EXERCISE PROMPT:
An exact reproduction of the listing is wanted, with the pictures dropped.

*** DATA TO PROCESS ***

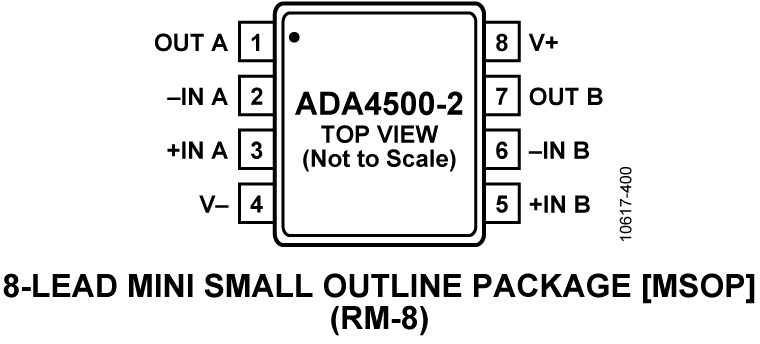 ADA4500-2 Pin Configuration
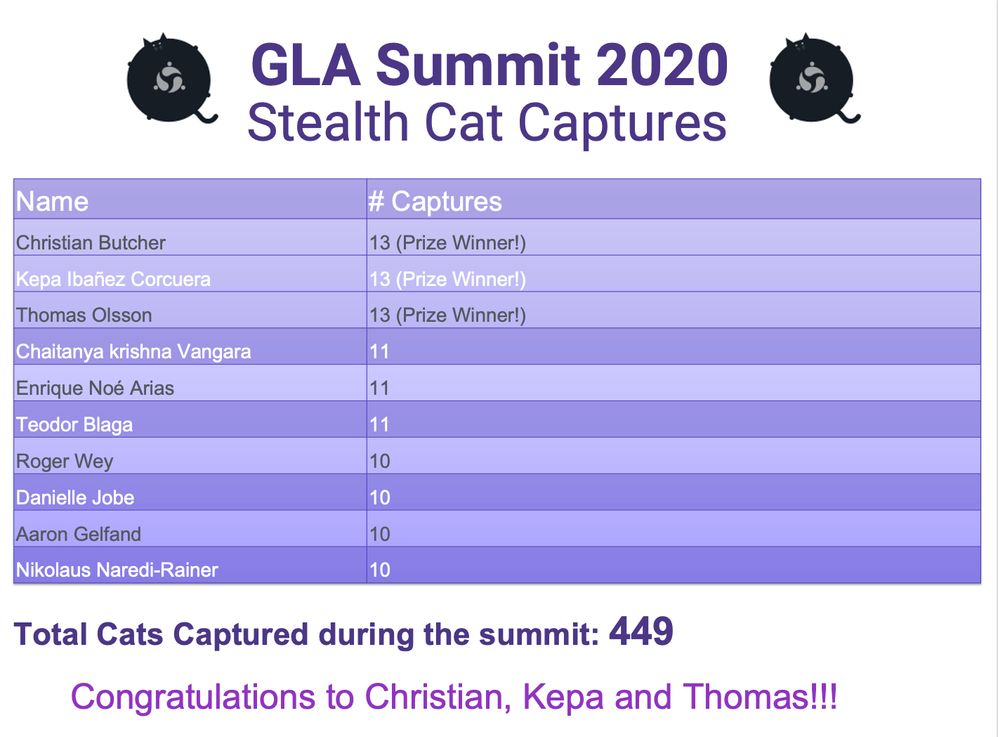 Stealth Cat Capture.png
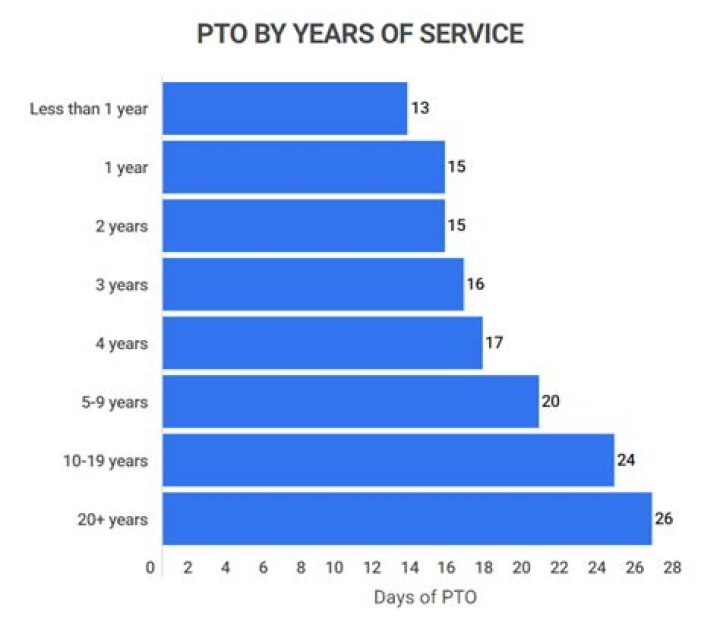 How Much Pto Is Normal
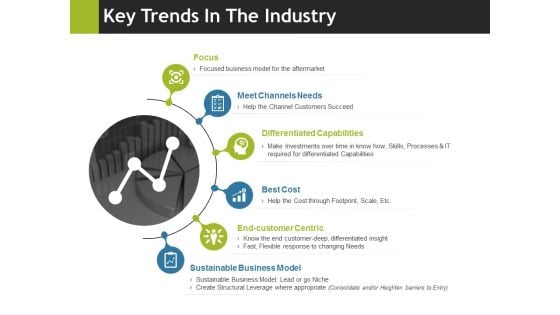 Key Trends In The Industry Ppt PowerPoint Presentation Professional Backgrounds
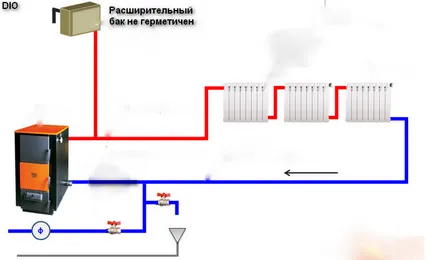 Leningradka - magánlakás fűtőrendszer áramkörök szerelése (otthon) Leningradka - fűtési rendszer egy családi ház áramköri szerelvényből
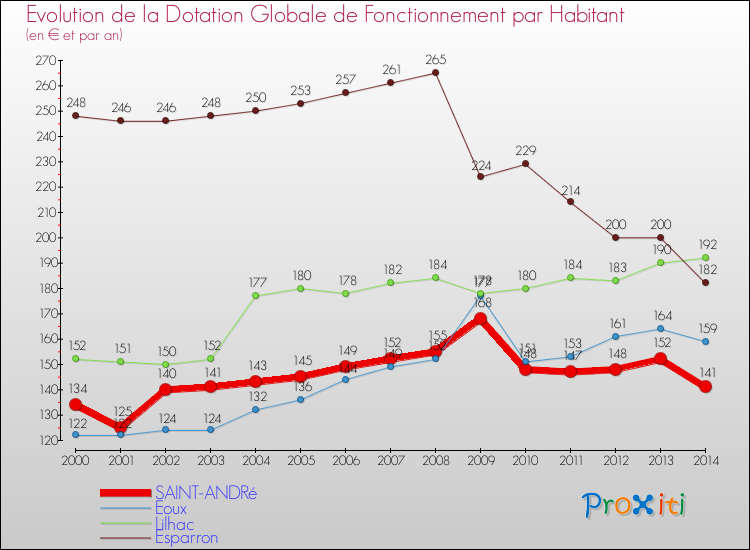 Evolution et montant de la dotation globale de fonctionnement par Habitant pour SAINT-ANDRé et les communes proches de 2000 à 2014. Comparaison des dotations globales de fonctionnement par habitant pour SAINT-ANDRé et les communes voisines de 2000 à 2014.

*** End of DATA TO PROCESS ***

FINISHED EXERCISE:
 ADA4500-2 Pin Configuration
 Stealth Cat Capture.png
 How Much Pto Is Normal
 Key Trends In The Industry Ppt PowerPoint Presentation Professional Backgrounds
 Leningradka - magánlakás fűtőrendszer áramkörök szerelése (otthon) Leningradka - fűtési rendszer egy családi ház áramköri szerelvényből
 Evolution et montant de la dotation globale de fonctionnement par Habitant pour SAINT-ANDRé et les communes proches de 2000 à 2014. Comparaison des dotations globales de fonctionnement par habitant pour SAINT-ANDRé et les communes voisines de 2000 à 2014.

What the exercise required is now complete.